» Problem
Every line of the material is to be returned verbatim. Pictures stay out.

» Input data
Content starts

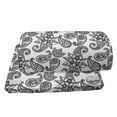 thumbnail image 4 of Ethnic Foot Rest, Paisley Inspired Continuous Pattern of Monochrome Floral Repetitive Design, Non-Slip Backing Ergonomic Memory Foam Leg Support for Office, Charcoal Grey White, by Ambesonne, 4 of 5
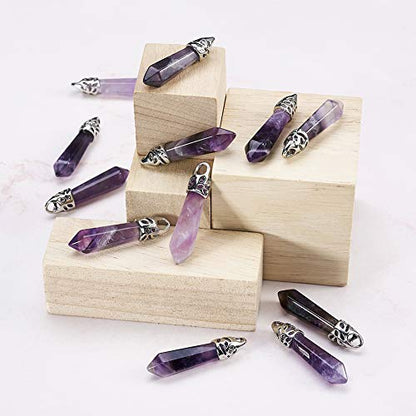12Pcs Amethyst Bullet Shape Gemstone Pendants Hexagonal Chakra Crystal Pointed Quartz Charms with Platinum Alloy Loop 33~40x8~9mm for Necklace Earring Bracelet Making - color: 1-Bullet-Purple Amethyst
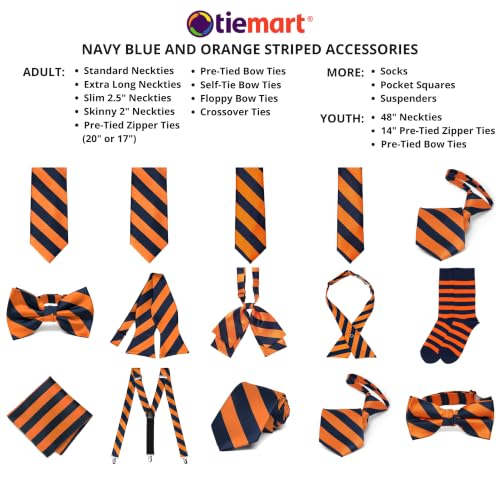 tiemart Crossover Tie - color: Navy Blue and Orange Stripe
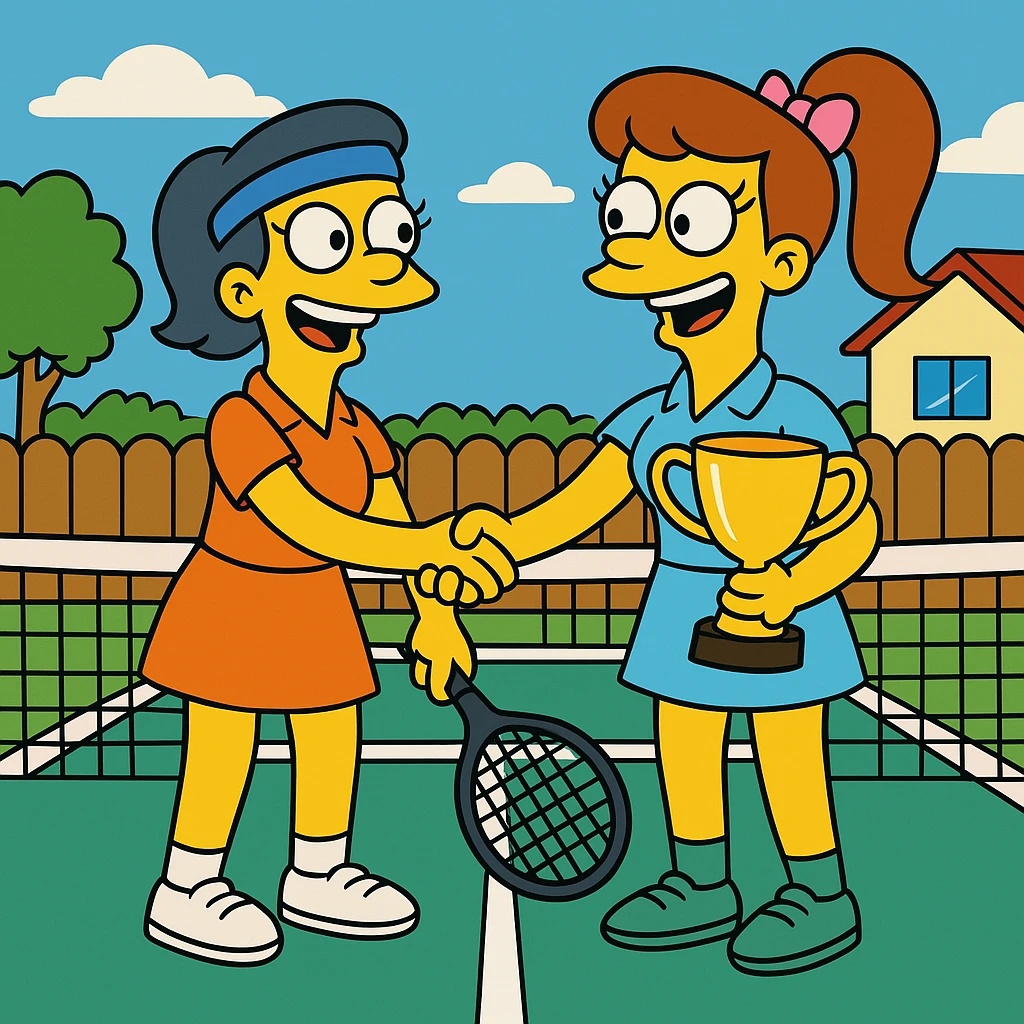  2 female tennis players standing on tennis courte. Congratulating each other shaking hands and smiling, one of them is holding a cup for winning.  emoji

Content ends

» Solution for this exercise
 thumbnail image 4 of Ethnic Foot Rest, Paisley Inspired Continuous Pattern of Monochrome Floral Repetitive Design, Non-Slip Backing Ergonomic Memory Foam Leg Support for Office, Charcoal Grey White, by Ambesonne, 4 of 5
12Pcs Amethyst Bullet Shape Gemstone Pendants Hexagonal Chakra Crystal Pointed Quartz Charms with Platinum Alloy Loop 33~40x8~9mm for Necklace Earring Bracelet Making - color: 1-Bullet-Purple Amethyst
 tiemart Crossover Tie - color: Navy Blue and Orange Stripe
  2 female tennis players standing on tennis courte. Congratulating each other shaking hands and smiling, one of them is holding a cup for winning.  emoji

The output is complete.